White House Press Secretary Jay Carney: "Over the next several weeks, we will be reviewing the review group’s report and its 46 recommendations as we consider the path forward, including sorting through which recommendations we will implement, which might require further study, and which we will choose not to pursue."
The White House-appointed panel’s report on National Security Agency reforms was released just two days after a federal judge ruled that the bulk collection of telephone data by the government is "almost Orwellian." Speaking before a European Union hearing on mass surveillance, journalist Glenn Greenwald said the NSA’s goal is the elimination of individual privacy.
Glenn Greenwald: "The ultimate goal of the NSA is, along with its most loyal, one might say, subservient junior partner, the British agency GCHQ, when it comes to the reason why the system of suspicionless surveillance is being built — and the objective of this system is nothing less than the elimination of individual privacy worldwide."
The U.N. General Assembly approved a landmark measure Wednesday affirming privacy rights against unwarranted government surveillance. Germany and Brazil drafted the resolution after the leaks of Edward Snowden showed widespread U.S. spying abroad. The measure was weakened at the request of the United States and Britain to omit a declaration that foreign surveillance could amount to "human rights violations and abuses."

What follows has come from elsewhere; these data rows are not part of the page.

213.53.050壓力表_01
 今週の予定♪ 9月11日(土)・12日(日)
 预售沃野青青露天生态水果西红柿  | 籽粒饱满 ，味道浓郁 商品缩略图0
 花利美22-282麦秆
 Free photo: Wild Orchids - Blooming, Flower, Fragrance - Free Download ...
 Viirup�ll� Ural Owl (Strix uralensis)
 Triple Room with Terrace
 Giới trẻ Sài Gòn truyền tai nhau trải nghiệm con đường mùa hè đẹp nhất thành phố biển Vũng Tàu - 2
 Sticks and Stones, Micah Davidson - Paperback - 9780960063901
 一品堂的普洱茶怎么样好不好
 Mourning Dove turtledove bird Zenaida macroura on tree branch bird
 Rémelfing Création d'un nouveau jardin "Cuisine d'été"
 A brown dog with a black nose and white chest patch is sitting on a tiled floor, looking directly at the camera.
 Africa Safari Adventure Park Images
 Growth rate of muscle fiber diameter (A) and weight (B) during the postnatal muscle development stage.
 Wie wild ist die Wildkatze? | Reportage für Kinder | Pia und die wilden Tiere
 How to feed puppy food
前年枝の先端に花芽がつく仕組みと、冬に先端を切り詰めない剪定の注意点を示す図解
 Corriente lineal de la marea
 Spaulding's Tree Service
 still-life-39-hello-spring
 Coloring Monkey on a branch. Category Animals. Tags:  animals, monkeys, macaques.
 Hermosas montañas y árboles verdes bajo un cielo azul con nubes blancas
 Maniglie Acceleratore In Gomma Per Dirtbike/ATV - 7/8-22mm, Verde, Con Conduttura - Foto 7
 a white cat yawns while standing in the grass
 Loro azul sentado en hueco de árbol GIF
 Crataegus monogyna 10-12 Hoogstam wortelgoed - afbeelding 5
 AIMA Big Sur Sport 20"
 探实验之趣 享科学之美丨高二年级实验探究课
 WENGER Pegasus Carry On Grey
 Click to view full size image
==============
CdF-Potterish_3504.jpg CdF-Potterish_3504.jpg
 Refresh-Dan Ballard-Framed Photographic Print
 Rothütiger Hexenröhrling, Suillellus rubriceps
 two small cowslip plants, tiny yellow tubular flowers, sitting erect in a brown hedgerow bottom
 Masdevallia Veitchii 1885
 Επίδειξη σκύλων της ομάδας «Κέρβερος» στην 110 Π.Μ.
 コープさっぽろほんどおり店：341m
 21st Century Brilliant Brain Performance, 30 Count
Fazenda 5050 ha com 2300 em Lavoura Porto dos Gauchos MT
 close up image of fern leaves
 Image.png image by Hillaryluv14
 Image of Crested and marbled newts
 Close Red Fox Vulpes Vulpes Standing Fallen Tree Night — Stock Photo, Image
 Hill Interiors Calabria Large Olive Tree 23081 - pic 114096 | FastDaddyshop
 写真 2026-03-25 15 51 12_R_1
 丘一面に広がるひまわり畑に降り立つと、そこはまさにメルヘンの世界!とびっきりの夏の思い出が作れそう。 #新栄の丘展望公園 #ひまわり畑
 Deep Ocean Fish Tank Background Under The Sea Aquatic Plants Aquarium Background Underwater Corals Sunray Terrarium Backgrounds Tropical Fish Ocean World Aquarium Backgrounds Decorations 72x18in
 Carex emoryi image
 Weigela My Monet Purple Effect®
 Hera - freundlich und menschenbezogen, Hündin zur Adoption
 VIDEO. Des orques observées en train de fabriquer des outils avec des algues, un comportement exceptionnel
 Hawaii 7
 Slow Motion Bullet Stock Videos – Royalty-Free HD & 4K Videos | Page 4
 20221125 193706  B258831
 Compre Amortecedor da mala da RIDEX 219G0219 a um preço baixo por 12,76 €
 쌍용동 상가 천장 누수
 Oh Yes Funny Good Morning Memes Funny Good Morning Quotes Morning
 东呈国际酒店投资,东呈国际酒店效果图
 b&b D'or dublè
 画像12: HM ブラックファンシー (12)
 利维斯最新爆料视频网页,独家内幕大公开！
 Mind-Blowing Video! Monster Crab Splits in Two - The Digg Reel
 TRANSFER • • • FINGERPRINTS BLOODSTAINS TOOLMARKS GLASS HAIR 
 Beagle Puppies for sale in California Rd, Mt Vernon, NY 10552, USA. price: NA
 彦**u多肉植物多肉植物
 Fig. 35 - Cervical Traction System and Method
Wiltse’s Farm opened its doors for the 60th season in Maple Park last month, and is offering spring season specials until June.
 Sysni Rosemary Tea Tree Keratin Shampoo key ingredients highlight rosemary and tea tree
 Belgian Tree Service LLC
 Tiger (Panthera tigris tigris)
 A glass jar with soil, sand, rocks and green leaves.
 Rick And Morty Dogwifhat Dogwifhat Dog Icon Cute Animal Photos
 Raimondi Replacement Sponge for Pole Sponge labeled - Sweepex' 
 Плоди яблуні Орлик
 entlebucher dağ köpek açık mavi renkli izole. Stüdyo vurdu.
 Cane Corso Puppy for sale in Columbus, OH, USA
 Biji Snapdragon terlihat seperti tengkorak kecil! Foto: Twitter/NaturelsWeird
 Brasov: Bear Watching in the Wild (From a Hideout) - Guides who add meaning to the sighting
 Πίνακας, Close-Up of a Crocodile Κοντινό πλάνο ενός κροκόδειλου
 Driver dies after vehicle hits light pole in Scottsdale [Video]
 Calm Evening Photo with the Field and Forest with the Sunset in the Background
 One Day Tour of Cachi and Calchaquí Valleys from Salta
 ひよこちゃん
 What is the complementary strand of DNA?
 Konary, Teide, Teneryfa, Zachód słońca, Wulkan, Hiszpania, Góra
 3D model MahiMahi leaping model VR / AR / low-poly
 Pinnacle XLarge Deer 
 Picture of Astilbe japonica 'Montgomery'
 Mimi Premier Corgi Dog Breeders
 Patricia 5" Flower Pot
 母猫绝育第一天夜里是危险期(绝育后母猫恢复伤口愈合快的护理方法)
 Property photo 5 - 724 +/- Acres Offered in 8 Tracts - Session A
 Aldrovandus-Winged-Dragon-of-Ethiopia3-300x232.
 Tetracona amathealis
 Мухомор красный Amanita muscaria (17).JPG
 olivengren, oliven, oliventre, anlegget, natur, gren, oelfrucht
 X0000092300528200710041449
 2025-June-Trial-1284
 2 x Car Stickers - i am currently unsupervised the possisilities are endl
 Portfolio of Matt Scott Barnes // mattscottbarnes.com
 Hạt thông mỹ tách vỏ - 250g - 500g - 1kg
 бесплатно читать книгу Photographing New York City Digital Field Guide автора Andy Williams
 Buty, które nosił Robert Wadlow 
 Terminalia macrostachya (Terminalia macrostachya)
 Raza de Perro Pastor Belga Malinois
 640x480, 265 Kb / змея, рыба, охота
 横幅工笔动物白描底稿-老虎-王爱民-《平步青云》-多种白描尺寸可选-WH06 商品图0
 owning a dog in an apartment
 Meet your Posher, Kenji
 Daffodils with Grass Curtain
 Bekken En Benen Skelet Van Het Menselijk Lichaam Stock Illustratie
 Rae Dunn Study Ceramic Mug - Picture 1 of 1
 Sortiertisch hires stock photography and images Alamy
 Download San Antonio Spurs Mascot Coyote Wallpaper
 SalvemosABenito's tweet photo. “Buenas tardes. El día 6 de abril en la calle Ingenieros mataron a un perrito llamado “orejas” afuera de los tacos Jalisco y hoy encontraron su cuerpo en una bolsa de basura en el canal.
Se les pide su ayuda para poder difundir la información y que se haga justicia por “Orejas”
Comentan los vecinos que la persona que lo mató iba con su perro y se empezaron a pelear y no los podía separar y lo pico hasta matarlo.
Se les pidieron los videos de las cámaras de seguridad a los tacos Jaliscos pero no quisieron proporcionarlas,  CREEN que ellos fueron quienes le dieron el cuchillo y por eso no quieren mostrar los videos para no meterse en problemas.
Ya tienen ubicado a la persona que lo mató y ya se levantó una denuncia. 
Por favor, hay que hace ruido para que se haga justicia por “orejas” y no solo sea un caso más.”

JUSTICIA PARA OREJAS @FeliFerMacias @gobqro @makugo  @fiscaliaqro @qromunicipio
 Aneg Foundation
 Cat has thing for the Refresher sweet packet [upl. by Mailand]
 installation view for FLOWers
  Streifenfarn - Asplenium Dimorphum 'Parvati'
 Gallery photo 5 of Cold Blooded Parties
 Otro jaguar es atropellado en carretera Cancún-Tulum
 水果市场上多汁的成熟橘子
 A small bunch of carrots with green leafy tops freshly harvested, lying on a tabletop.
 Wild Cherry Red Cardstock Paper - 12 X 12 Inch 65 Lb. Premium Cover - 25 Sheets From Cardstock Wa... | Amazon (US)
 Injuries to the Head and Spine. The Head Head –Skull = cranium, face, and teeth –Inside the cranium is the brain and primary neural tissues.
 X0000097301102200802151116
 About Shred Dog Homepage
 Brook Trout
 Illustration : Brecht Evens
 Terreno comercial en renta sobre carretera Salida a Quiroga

The United States has released two Guantánamo Bay prisoners back to their native Sudan. Both were imprisoned at Guantánamo Bay since 2002. Their repatriation comes days after two Saudi Arabian prisoners were sent home. The Guantánamo prison population now stands at 158. Up to half of the prisoners could be cleared for transfer to their home countries under a bipartisan deal set for passage in the Senate this week. It is the first time since President Obama came to office that Congress has moved to ease restrictions on Guantánamo instead of strengthening them. But the measure would maintain the congressional ban on transfer of prisoners to the United States.
The Senate has approved a two-year budget deal following passage by the House last week. The deal eases across-the-board spending cuts, but does not extend unemployment benefits for some 1.3 million people, which are set to expire next week. Democratic Sen. Patty Murray, who crafted the bipartisan deal with Republican Rep. Paul Ryan, called it a step forward.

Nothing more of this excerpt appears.